» **Directions**
Instruction for the data below: set down exactly the lines from the line with "Bungs - LunaticsCo" to the line with "桂林阳朔酒店排行榜前十名,桂林阳朔酒店旅游推荐", inclusive, and no others.

Short text fragments from websites:

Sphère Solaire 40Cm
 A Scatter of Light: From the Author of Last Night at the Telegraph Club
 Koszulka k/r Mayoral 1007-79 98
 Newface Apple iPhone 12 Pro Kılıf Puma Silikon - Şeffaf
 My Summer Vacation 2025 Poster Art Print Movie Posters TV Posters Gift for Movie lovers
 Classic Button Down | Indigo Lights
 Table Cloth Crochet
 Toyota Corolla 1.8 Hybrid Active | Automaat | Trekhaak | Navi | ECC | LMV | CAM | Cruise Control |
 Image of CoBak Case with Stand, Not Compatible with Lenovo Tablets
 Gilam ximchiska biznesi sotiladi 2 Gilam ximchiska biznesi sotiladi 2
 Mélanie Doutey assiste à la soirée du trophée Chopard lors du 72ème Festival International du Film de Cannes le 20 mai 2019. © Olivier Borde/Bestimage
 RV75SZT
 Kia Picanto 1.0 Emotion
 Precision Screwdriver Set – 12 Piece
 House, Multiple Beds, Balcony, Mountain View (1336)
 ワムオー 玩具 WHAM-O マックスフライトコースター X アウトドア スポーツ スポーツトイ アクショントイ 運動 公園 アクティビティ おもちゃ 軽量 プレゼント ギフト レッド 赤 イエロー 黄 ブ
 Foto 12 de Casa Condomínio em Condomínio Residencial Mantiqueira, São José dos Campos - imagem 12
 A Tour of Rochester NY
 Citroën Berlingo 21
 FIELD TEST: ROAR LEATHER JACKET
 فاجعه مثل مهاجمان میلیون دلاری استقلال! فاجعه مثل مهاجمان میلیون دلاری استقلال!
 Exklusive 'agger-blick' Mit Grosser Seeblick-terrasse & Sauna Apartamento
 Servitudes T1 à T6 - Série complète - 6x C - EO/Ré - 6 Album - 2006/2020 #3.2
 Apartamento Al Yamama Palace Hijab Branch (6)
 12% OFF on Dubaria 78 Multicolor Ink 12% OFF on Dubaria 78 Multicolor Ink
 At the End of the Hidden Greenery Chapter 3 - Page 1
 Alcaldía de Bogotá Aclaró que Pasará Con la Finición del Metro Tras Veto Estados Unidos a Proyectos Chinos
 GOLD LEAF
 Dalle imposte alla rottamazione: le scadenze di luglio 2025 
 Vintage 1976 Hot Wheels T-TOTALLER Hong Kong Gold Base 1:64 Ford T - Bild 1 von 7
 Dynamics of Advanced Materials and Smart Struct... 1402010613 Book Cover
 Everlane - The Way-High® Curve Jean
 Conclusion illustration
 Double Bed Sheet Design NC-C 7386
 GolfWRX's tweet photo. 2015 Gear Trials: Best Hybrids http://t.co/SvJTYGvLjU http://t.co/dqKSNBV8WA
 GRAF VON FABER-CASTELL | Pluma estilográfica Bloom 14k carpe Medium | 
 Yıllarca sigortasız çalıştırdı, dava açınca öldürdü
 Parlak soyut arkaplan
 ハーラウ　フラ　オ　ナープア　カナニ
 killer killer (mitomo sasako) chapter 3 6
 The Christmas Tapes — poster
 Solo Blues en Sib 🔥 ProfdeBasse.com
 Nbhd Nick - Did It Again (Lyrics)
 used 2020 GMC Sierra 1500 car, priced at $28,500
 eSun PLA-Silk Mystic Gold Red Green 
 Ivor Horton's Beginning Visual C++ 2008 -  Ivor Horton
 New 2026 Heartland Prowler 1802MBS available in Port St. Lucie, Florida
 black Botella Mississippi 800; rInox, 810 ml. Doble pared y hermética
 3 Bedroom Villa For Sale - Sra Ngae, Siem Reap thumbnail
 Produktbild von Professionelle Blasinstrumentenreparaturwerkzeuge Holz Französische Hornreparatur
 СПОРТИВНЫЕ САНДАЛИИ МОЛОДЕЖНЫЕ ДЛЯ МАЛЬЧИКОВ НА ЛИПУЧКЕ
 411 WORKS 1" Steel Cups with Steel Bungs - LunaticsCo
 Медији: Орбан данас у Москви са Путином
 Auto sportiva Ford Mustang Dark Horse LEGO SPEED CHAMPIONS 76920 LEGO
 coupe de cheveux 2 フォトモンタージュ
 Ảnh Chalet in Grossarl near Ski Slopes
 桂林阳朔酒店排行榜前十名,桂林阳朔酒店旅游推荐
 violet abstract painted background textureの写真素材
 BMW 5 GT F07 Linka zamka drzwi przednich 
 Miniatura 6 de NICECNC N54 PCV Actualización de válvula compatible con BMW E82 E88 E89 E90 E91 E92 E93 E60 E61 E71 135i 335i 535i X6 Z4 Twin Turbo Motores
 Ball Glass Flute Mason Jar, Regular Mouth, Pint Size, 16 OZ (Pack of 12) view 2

» **Exercise answer**
 411 WORKS 1" Steel Cups with Steel Bungs - LunaticsCo
 Медији: Орбан данас у Москви са Путином
 Auto sportiva Ford Mustang Dark Horse LEGO SPEED CHAMPIONS 76920 LEGO
 coupe de cheveux 2 フォトモンタージュ
 Ảnh Chalet in Grossarl near Ski Slopes
 桂林阳朔酒店排行榜前十名,桂林阳朔酒店旅游推荐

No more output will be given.